# Big Data for Engineers – Moodle - Solutions

# Spring 2023 -  Week 11 - Rumble



# Preparation for the moodle exercise in Spark


## 1. Install Java and Download Rumble
Please follow the instructions in Exercise11_Rumble_2023.ipynb.

## 2. Setup Working Environment
1. Go to the folder where this notebook is in: `cd [path to the folder]`
2. Start your jupyter notebook: `jupyter notebook`
3. Start your own Rumble server: `java -jar rumbledb-1.21.0-standalone.jar --server yes --port 9090`
4. Execute the cell below:

In [None]:
!pip install rumbledb
%load_ext rumbledb
%env RUMBLEDB_SERVER=http://localhost:9090/jsoniq

Verify that jsoniq works.

In [2]:
%%jsoniq
1+1

Took: 0.0179288387298584 ms
2


## 3. Prepare the Data: The Great Language Game

This week you will be using again the [language confusion dataset](https://quietlyamused.org/blog/2014/03/12/language-confusion/). Make sure you use the correct dataset.
### Please use the first 80k records of the "confusion-100000.json" dataset
We can obtain the first 80k records like this: `subsequence(json-file("confusion-100000.json", 10), 1, 80000)`

In [3]:
%%jsoniq
count(subsequence(json-file("confusion-100000.json", 10), 1, 80000))

Took: 0.22565031051635742 ms
80000


## 4. Instructions
You should write __JSONiq__ queries only. \
For each quation, you have to submit the following results to the Moodle quiz:
- The query you wrote
- The query output __in the required format__ (which you will be graded on)
- The time it took you to run it (optional and not graded)

The execution time of the queries will be reported by Rumble.

# Questions

## Assignment 1
Find all games such that the guessed language is correct (=target), and such that this language is Spanish. What is the length of the resulting sequence?

In [4]:
%%jsoniq
count(
    for $i in subsequence(json-file("confusion-100000.json", 10), 1, 80000)
    where $i.guess eq $i.target and $i.target eq "Spanish"
    return $i
)

Took: 0.3441760540008545 ms
1672


## Assignment 2
Find the number of all distinct values of the guessed languages (i.e. the guess field). What is the length of the resulting sequence?

In [5]:
%%jsoniq
count(distinct-values(
    for $i in subsequence(json-file("confusion-100000.json", 10), 1, 80000)
    return $i.guess
))

Took: 0.40917491912841797 ms
68


## Assignment 3
Return the top three games where the guessed language is incorrect ($\neq$ target) ordered by country (ascending), then target language (ascending), then date (ascending). What is the sample id of the 3rd item in the list?

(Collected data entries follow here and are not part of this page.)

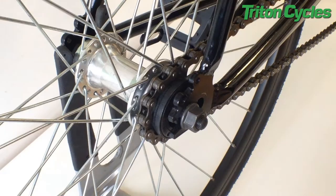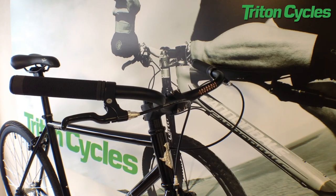The frame and fork is made from high-10 steel and have mounts for you to install racks and mudguards. The aluminium swept back Arch 2 handlebars give you a nice, comfy riding position.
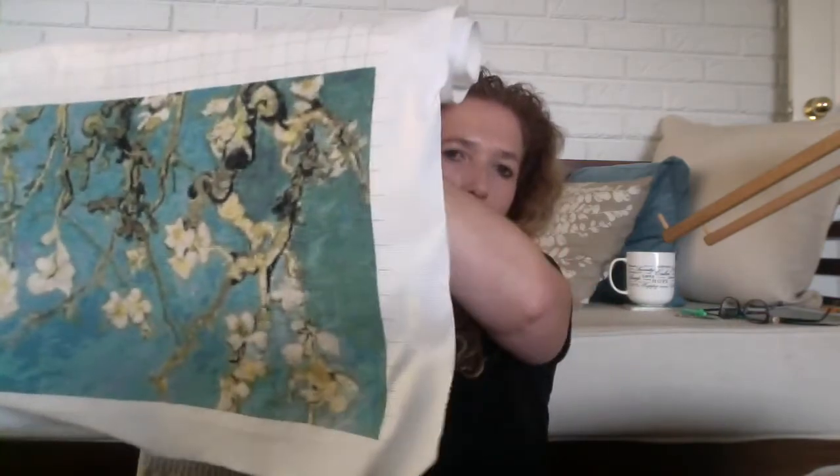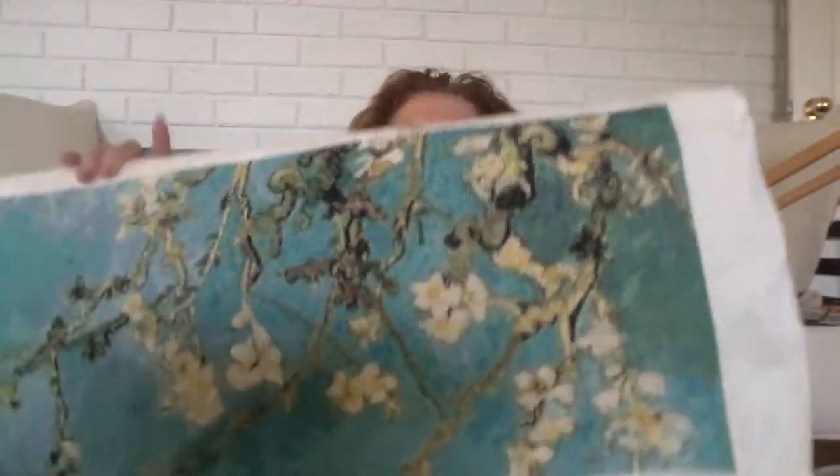I'm also going to quickly show Almond Blossom again because I also had a massive response with this one. I've hardly put a dent in it — it's absolutely massive. I forgot to mention in the last video that this is a Van Gogh painting. It's called Almond Blossom but it is a Van Gogh painting, in case you were wondering who the original designer was.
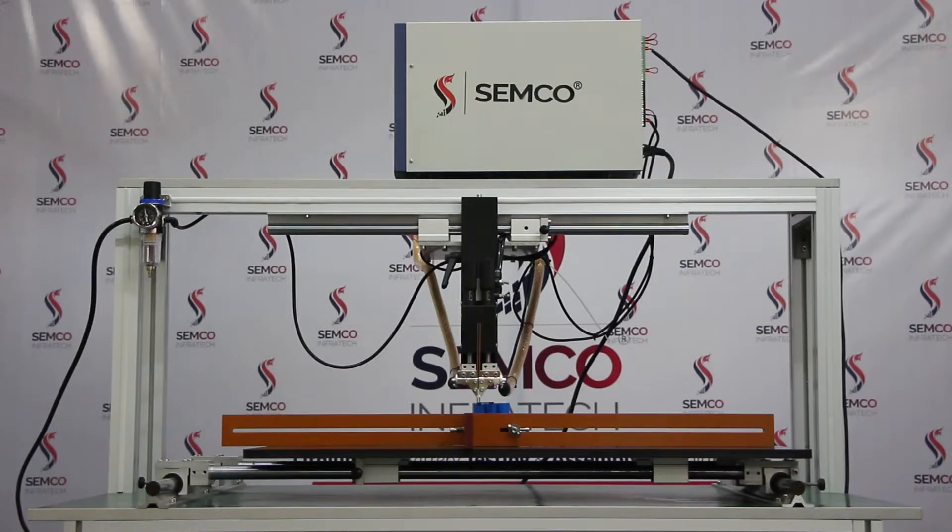Hello everyone, I am Rikesh Kumar, Technical Engineer at Semcoin Fertek Private Limited. Today I am going to introduce you to a pneumatic gantry transistor spot welding machine. It is a pure manual welding machine. So let's start and describe each and everything.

Enter it without quotes, for example 48f9c924e0d98c959d8a6f1862b3ce9a

In [6]:
%%jsoniq
let $ordered_confusion := for $i in subsequence(json-file("confusion-100000.json", 10), 1, 80000)
                where $i.guess ne $i.target
                order by $i.country, $i.target, $i.date
                return $i
for $j in $ordered_confusion
count $c
where $c eq 3
return $j.sample

Took: 1.2181332111358643 ms
"3520fdcdf2658685928fc37e72ab2134"


## Assignment 4
Aggregate all games by guessed and target language, counting the number of guessing games that were done for each pair (guess, target). How many times has Dutch been mistaken for Norwegian (i.e. Dutch was the true answer)?

In [7]:
%%jsoniq
count(
    for $i in subsequence(json-file("confusion-100000.json", 10), 1, 80000)
    where $i.guess eq "Norwegian" and $i.target eq "Dutch"
    return $i
)

Took: 0.2951669692993164 ms
19


## Assignment 5
Among all the games where the guess was correct (=target), what is the percentage of cases where the second choice (among the array of possible answers) was the target?

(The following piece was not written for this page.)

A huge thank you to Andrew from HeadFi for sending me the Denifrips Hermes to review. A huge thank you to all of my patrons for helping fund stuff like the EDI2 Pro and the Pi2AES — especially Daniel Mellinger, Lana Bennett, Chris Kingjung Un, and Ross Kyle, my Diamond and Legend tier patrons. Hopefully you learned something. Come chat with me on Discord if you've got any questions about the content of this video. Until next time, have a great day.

Please write the fraction rounding to 4 decimals (eg. 0.3323)

In [8]:
%%jsoniq
let $correct := for $i in subsequence(json-file("confusion-100000.json", 10), 1, 80000)
                where $i.guess eq $i.target
                return $i
let $second_correct := for $i in $correct
                where $i.target eq $i.choices[[2]]
                return $i
return count($second_correct) div count($correct) 

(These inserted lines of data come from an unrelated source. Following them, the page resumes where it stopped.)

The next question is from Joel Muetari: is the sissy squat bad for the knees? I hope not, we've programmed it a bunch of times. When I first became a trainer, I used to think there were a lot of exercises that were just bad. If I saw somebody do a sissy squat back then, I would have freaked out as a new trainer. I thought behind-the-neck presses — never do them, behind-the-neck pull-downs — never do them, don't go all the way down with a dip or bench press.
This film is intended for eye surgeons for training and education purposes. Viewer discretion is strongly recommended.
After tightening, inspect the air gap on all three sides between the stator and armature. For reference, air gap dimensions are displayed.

Took: 0.6639571189880371 ms
0.3752740329


## Assignment 6
For each target language, compute the percentage of successful guess games (i.e. guess == target) relative to all games for that target language, and display the pairs (target_language, percentage) in descending order of the percentage. What is the third language in this list?

In [9]:
%%jsoniq
let $grouped_data := for $i in subsequence(json-file("confusion-100000.json", 10), 1, 80000)
                    group by $target := $i.target
                    return {"target": $target, "guesses": $i.guess}
for $j in $grouped_data
let $correct := for $guess in $j.guesses[]
                where $guess eq $j.target
                return $guess
let $percentage := count($correct) div count($j.guesses[])
order by $percentage descending
count $c
where $c eq 3
return $j.target

Took: 2.6805953979492188 ms
"Spanish"


In [10]:
%%jsoniq
let $grouped_guesses := for $i in subsequence(json-file("confusion-100000.json", 10), 1, 80000)
                        group by $target := $i.target
                        return {"target": $target, "count": count($i.guess)}
let $correct_guesses := for $i in subsequence(json-file("confusion-100000.json", 10), 1, 80000)
                        where $i.guess eq $i.target
                        group by $target := $i.target
                        return {"target": $target, "count": count($i.guess)}
for $i in $grouped_guesses, $j in $correct_guesses
where $i.target eq $j.target
let $percentage := $j.count div $i.count
order by $percentage descending
count $c
where $c eq 3
return $i.target

Took: 11.627791166305542 ms
"Spanish"


## Assignment 7
How many games in France (country=FR) were played on the last day?

In [11]:
%%jsoniq
count(
    for $i in subsequence(json-file("confusion-100000.json", 10), 1, 80000)
    where $i.country eq "FR"
    group by $date := $i.date
    order by $date descending
    count $c
    where $c eq 1
    return $i
)

Took: 2.669163942337036 ms
265